[Records to process]

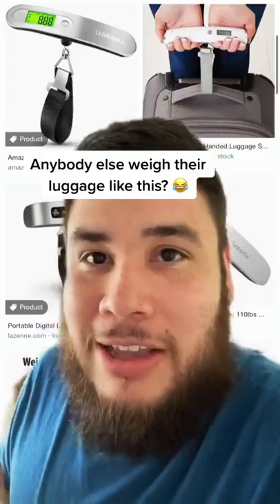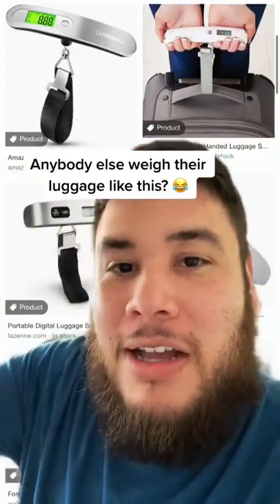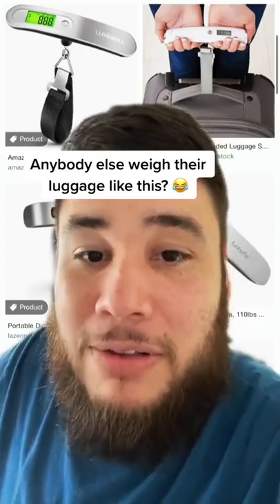It wasn't until a few years ago that I found out that people use these things to weigh their luggage before they go on the flight.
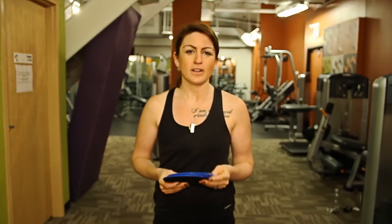Hi, my name is Michelle. I'm a personal trainer in Toronto. I'm going to demonstrate side lunges using these sliders.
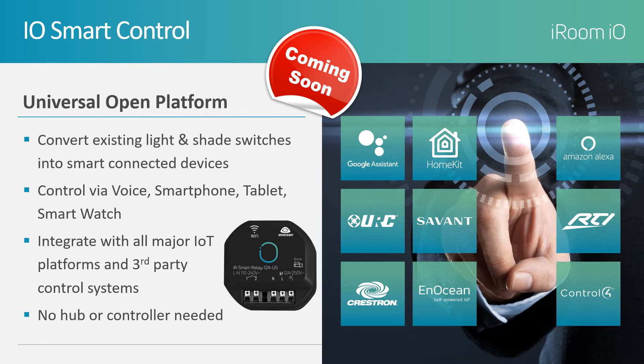I.O. Smart Control will integrate with all IOT platforms and third-party control systems. We are also proud to announce a strong partnership with the Inocean Alliance. It's important to note that an added hub or controller is not required, making I.O. Smart Control cost-effective.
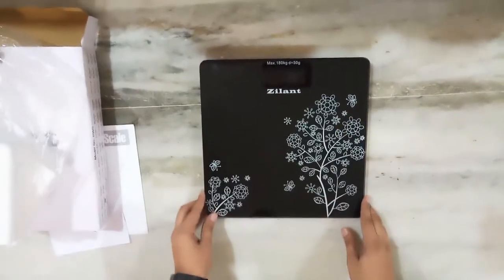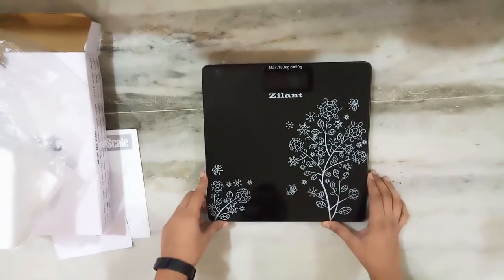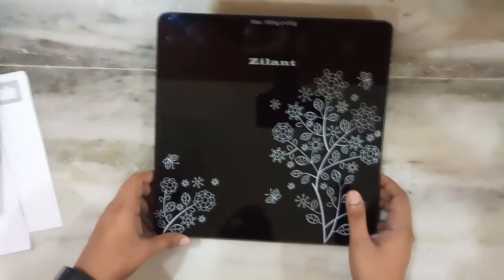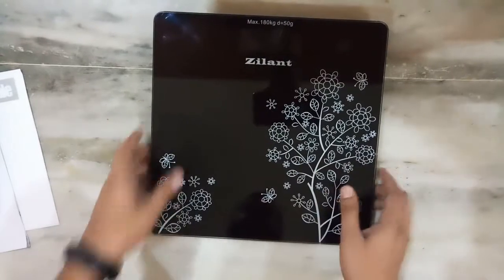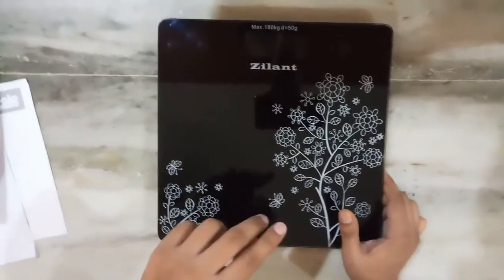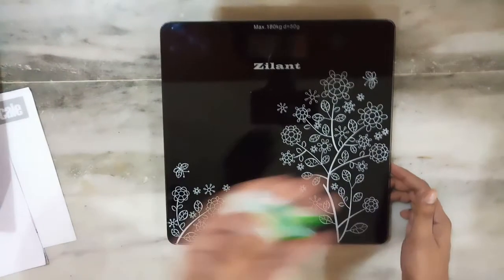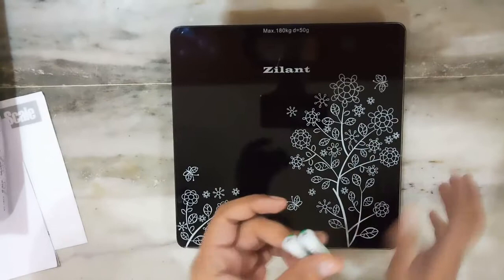So here is the scale. The scale is very good looking. The scale needs two batteries. Two batteries were provided with the scale but those are dead actually — I tried and checked, so I just threw them away. I have two old batteries and I just used them.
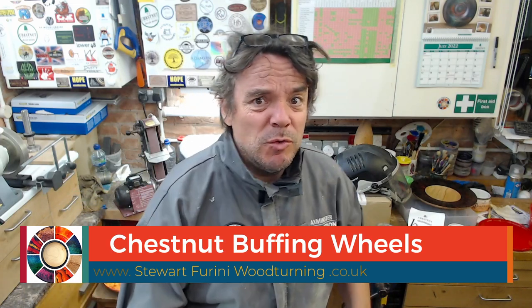Too busy working, going on school trips, surviving the end of term, doing live demos. Live demo coming up this weekend — a bit of a bonus one for me at the Chestnut Woodturning Weekender.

[/Records to process]

## Task instructions
The entries above need to be printed again exactly; please exclude all pictures.

## Output for this exercise
It wasn't until a few years ago that I found out that people use these things to weigh their luggage before they go on the flight.
Hi, my name is Michelle. I'm a personal trainer in Toronto. I'm going to demonstrate side lunges using these sliders.
I.O. Smart Control will integrate with all IOT platforms and third-party control systems. We are also proud to announce a strong partnership with the Inocean Alliance. It's important to note that an added hub or controller is not required, making I.O. Smart Control cost-effective.
So here is the scale. The scale is very good looking. The scale needs two batteries. Two batteries were provided with the scale but those are dead actually — I tried and checked, so I just threw them away. I have two old batteries and I just used them.
Too busy working, going on school trips, surviving the end of term, doing live demos. Live demo coming up this weekend — a bit of a bonus one for me at the Chestnut Woodturning Weekender.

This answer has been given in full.